AFP Assistant Commissioner Krissy Barrett said that “With more than 3.22 billion active gamers online around the world, these extremists are attempting to target a significant part of the global population to spread their views and propaganda.”
“These extremist groups and individuals are using these gaming and online platforms as a mode to transmit violent material and propaganda, across a range of extremist ideologies.”
Some recent games are little more than a “Trojan horse to promote their worldview, blurring the reality of young users with the aim to radicalize them,” said Barret.
Joint counter-terrorism teams comprising AFP, state and territory police, and Asio and the NSW Crime Commission are working to prevent and identify the extremist activity online.
Roblox community standards state that they “believe in building a safe, civil, and diverse community” and “for some behavior that violates these standards, such as behavior that poses a real-world risk to others, we reserve the right to contact or cooperate with the relevant authorities in order to keep everyone safe.”
Earlier this year a Roblox spokesperson told the New York Times: “We recognize that extremist groups are turning to a variety of tactics in an attempt to circumvent the rules on all platforms, and we are determined to stay one step ahead of them.”
Last year the company told Wired that it works “closely with the Middlebury Institute’s Center on Terrorism, Extremism, and Counter-terrorism (CTEC), a world leading counter-terrorism institute and other governments and NGOs across the world to help us prevent extremist activity on our platform”.
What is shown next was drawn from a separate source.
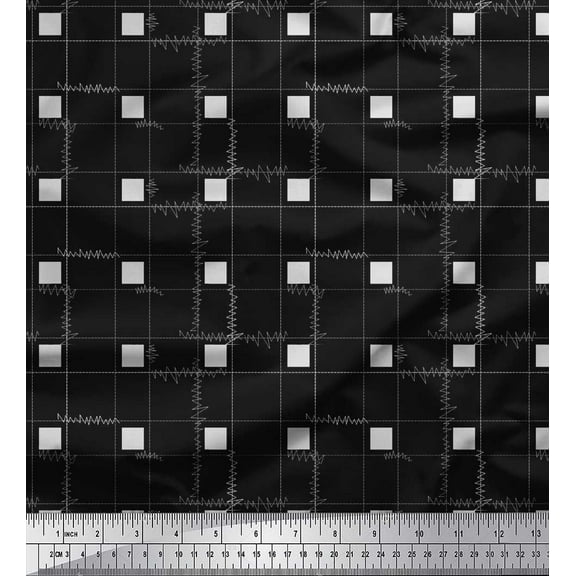 Soimoi Silk Fabric Zig Zag & Check Geometric Print Sewing Fabric Yard 42 Inch Wide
Australian Federal Police warn of Trojan horse games
In 2019, reenactments of the terrorist attack at Christchurch began taking place on Roblox. At the time, the Australian Federal Police said their concern was that “extremist groups are exploiting these platforms to target a very young group of Australia’s population, by creating content to share and encourage far-right/extremist ideologies and abhorrent violence against others.”
More recently, arguably showing that politicizing online can be good, users joined virtual rallies in support of Palestine – but, as in reality, some pro-Israel counteractions cropped up. Some players violently (but virtually) attacked others with opposing views.
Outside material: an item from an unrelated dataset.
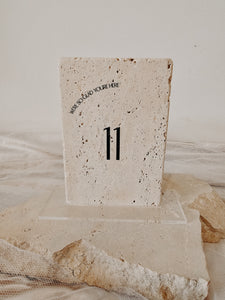 STONE TABLE NUMBERS - WE'RE GLAD YOUR HERE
“While our Community Standards allow for expressions of solidarity, we do not allow for content that endorses or condones violence, promotes terrorism or hatred against individuals or groups, or calls for supporting a specific political party,” a Roblox spokesperson told CNBC.
In reality, the internet isn’t what makes young people interact with adults who have bad intentions – yes, it’s an enabler, but an older sibling’s friend could have as much sway in a child’s life.
What’s unique about the gaming community is that it’s a great equalizer, something especially attractive to people who feel somehow disadvantaged. When it provides community for a teen plagued with hormonal anxiety, that’s not a bad thing. But when it feeds emotionally vulnerable or especially receptive young audiences with an idology, that equalization can become a normalizing factor, whether the message is positive, progressive and self-caring, or politically regressive, racist, or violent.